Tata Sons faces listing pressure as RBI rejects exception route: Sources - Business News
May 11, 2026
The RBI has informally indicated to Tata Trusts that it is unwilling to exempt Tata Sons from listing requirements applicable to upper-layer NBFCs, citing concerns that such a move could trigger similar demands from other large entities.
People aware of the discussions said the regulator has already obtained internal legal opinion and shared its position with the government.
“The broad regulatory view is that exempting Tata Sons from listing requirements could open the door for similar demands from other large entities, complicating the regulatory framework governing upper-layer non-banking financial companies (NBFCs),” a person aware of the development said.
The development comes at a sensitive time for the Tata group, with the question of whether Tata Sons should remain privately held emerging as one of the sharpest fault lines within Tata Trusts.
Email queries sent to the RBI, Tata Trusts and Tata Sons remained unanswered.
Decoding the issue at hand
At the centre of the issue is Tata Sons’ 2024 application to surrender its registration as a core investment company (CIC). The holding company argued that after repaying more than Rs 20,000 crore of standalone debt, it no longer accessed public funds and should therefore be exempt from tighter NBFC regulations, including the listing requirement.
However, recent clarifications by the RBI have significantly weakened that argument. The regulator has adopted a “look-through” approach, under which indirect access to public funds through group companies is also taken into account. Tata Sons sits atop several listed entities — including Tata Consultancy Services, Tata Steel, Tata Motors and Tata Power — all of which access capital markets.

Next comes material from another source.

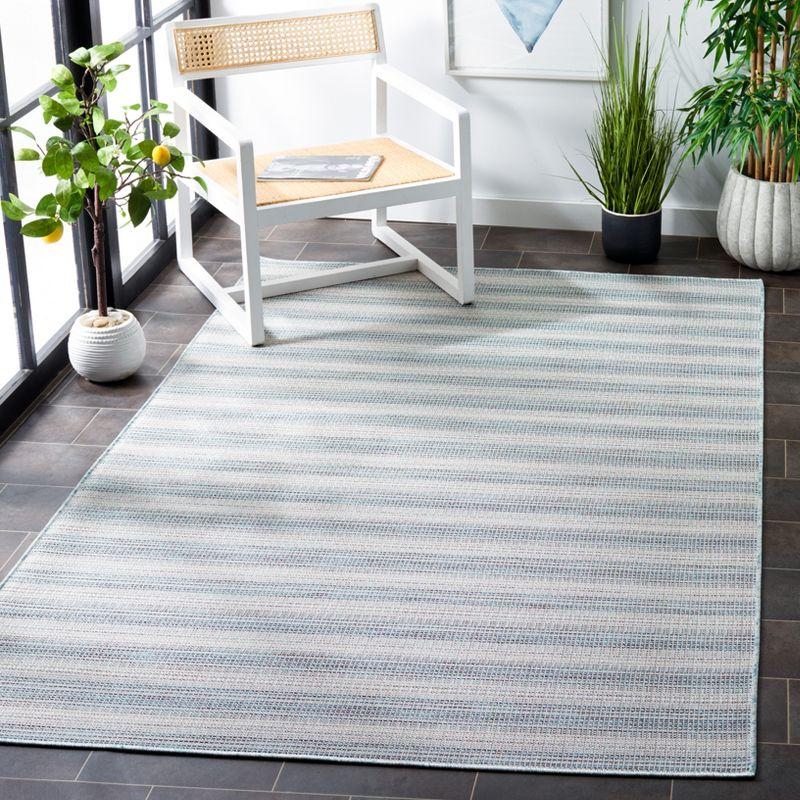 Hampton HTN231 Power Loomed Indoor/Outdoor Area Rug - Aqua/Ivory - 8'x10' - Safavieh.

A recent report by governance advisory firm InGovern Research Services noted that listed Tata group companies collectively own about 13-14% of Tata Sons, reinforcing the RBI’s “look-through” approach on indirect access to public funds. The report argued that repayment of standalone debt does not sever Tata Sons’ structural links with publicly funded group entities.
Under RBI norms, upper-layer NBFCs are required to list within a specified timeline to improve transparency and governance oversight. For Tata Sons, the deadline is September 30, 2025.
The SP group, which has 18% stake in Tata Sons, has on more than one occasion has demanded a public listing of the holding company, which it said, is “not merely a regulatory compliance but a necessary evolution”
The issue has also deepened divisions within Tata Trusts. Chairman Noel Tata is understood to favour retaining Tata Sons’ unlisted status, while trustees Venu Srinivasan and Vijay Singh have recently backed a public listing — a position seen by many within the trusts as a departure from the earlier unanimous opposition to listing.
The debate is expected to feature prominently at a crucial Tata Trusts meeting, originally scheduled for May 8 but later postponed to May 16. The agenda also includes the trusts’ representation on the Tata Sons board, the reappointment of N Chandrasekaran as chairman of Tata Sons, and wider governance disputes within the trusts.